I Need To Talk To You About Candy
I like candy. I need candy. I always know where the candy is when I'm at work, and I know where it is when I'm at home. And there is always candy. I'm like a candy bloodhound.
But I won't just eat any candy. Why? Because a lot of candy flat-out sucks. It's a funny thing, candy: Everybody agrees that some candy sucks, but there is almost universal disagreement on what those candies are.
My wife, for example, is a big fan of candy corn. But guess what? Candy corn sucks. It is a hard, triangular gelatinous mass that is not sweet, sour or hot. All candy must fit one of those three criteria. These are the rules. Thus, candy corn is not candy. Nor is it corn. I don't even know what it is, really. I mean, look at it...

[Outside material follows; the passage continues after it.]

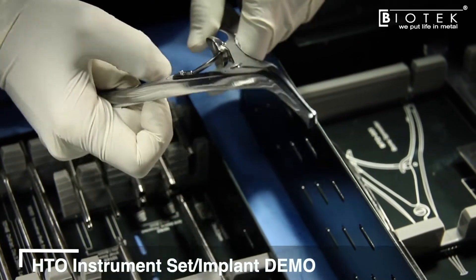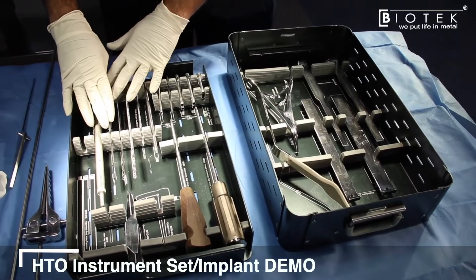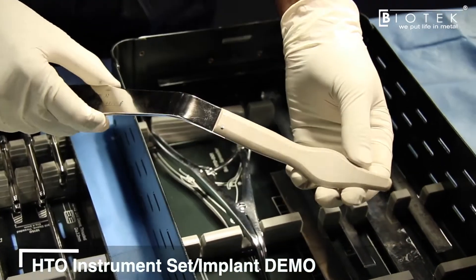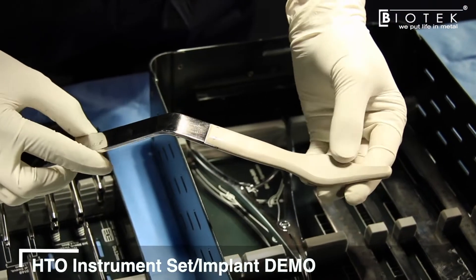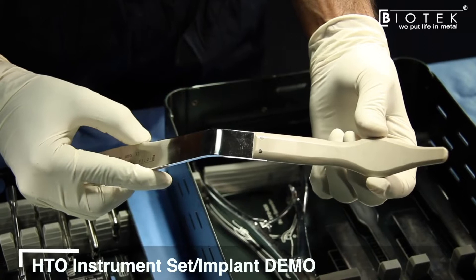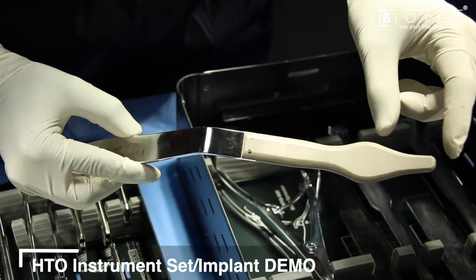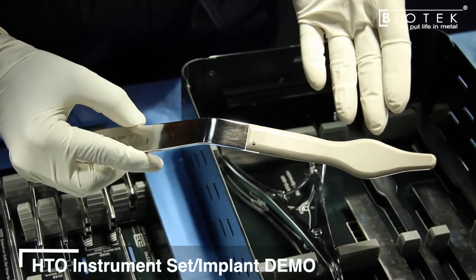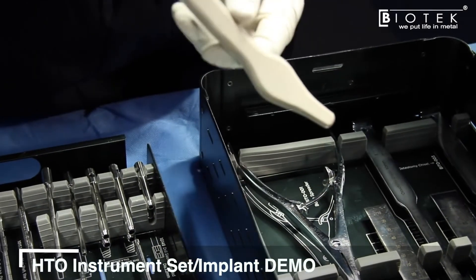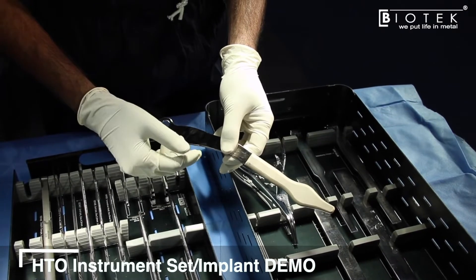To release the bone spreader, simply push the release and it comes out easily. A specially designed radiolucent retractor is then placed on the posterior surface of the tibia to protect the popliteal neurovascular bundles. Its profile allows easy entry, and its dimensions are adjusted so that once the tip is near the lateral cortex, it protects the vital posterior structures. Since it is radiolucent, it does not interfere with fluoroscopy.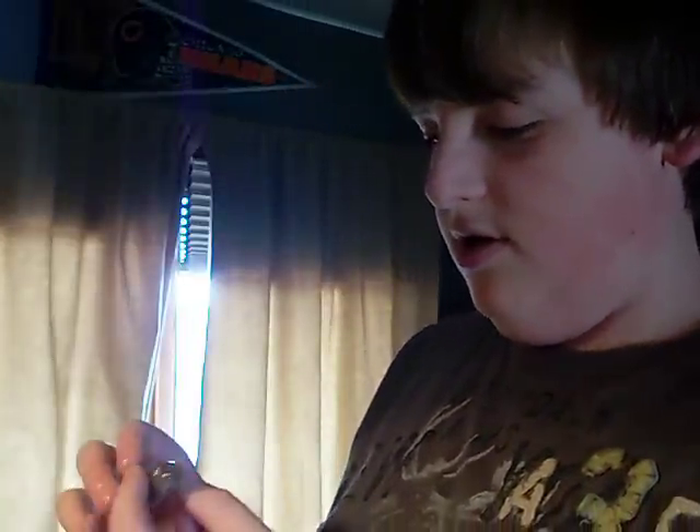Oh Jesus, something bad's about to happen — something bad's about to happen. Come on little fella. So here he is. I'm probably gonna call him Razor, cause he is a razorback turtle.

They look like rotten teeth from one of the Young Ones co-stars. No thanks.
In my experience, there is only one candy which has the power to unite us, to make us forget our petty differences no matter the season. I am, of course, speaking of the venerable Reese's Peanut Butter Cup. I defy you to find any sane person who would speak out against this confectionary Eighth Wonder. It is the king of candy, there is none higher...

Mmmm. Look at them. So perfectly cup-shaped. Reese's treads on dangerous ground with their precious creation, as they produce a variety of combinations of their peanut filling and waxy-chocolate synergy for holidays, including the Reese's Easter Egg, the Reese's Halloween Pumpkin, and the Reese's Memorial Day Graveside Floral Arrangement.
Ironically, the Reese's dynasty is also culpable for some of the worst candy creations ever to grace your convenience store shelf. Ever had a Nutrageous? A Fast Break? Those PB Cups with the bastardized Oreo cookie in the bottom? Unless you need to be able to vomit on command, there is no reason to even consider tasting one of these infernal creations.
Of course, one can't just sit around and eat candy all day. That is, unless one is on a Roadtrip. Being in a car for any length of time beyond one hour is natural free license to eat as much and as many different kinds of candy as possible. The key component to this kind of a candy inhalation is to have candies which can be portioned. You don't just want to have a monolithic hunk of chocolate, like a Crunch bar. The partitioning of the candy servings works in concert with the passage of the mile markers flying by your window. A monolithic candy, even the delcious PayDay, will make your trip seem like the Bataan Death Drive. Having candy that comes in short bursts livens your trip, and also allows you to eat more candy in the same amount of time.
With this in mind, the best Roadtrip candy you can find is the Chewy Spree. Not only are they a tart and tasty burst of starchy, gooey goodness, but they allow you to endlessly make the non-sequitor joke about going on a three-state chewing spree. I don't know what that means, exactly, but it's the kind of thing that's funny when you've had too much sugar.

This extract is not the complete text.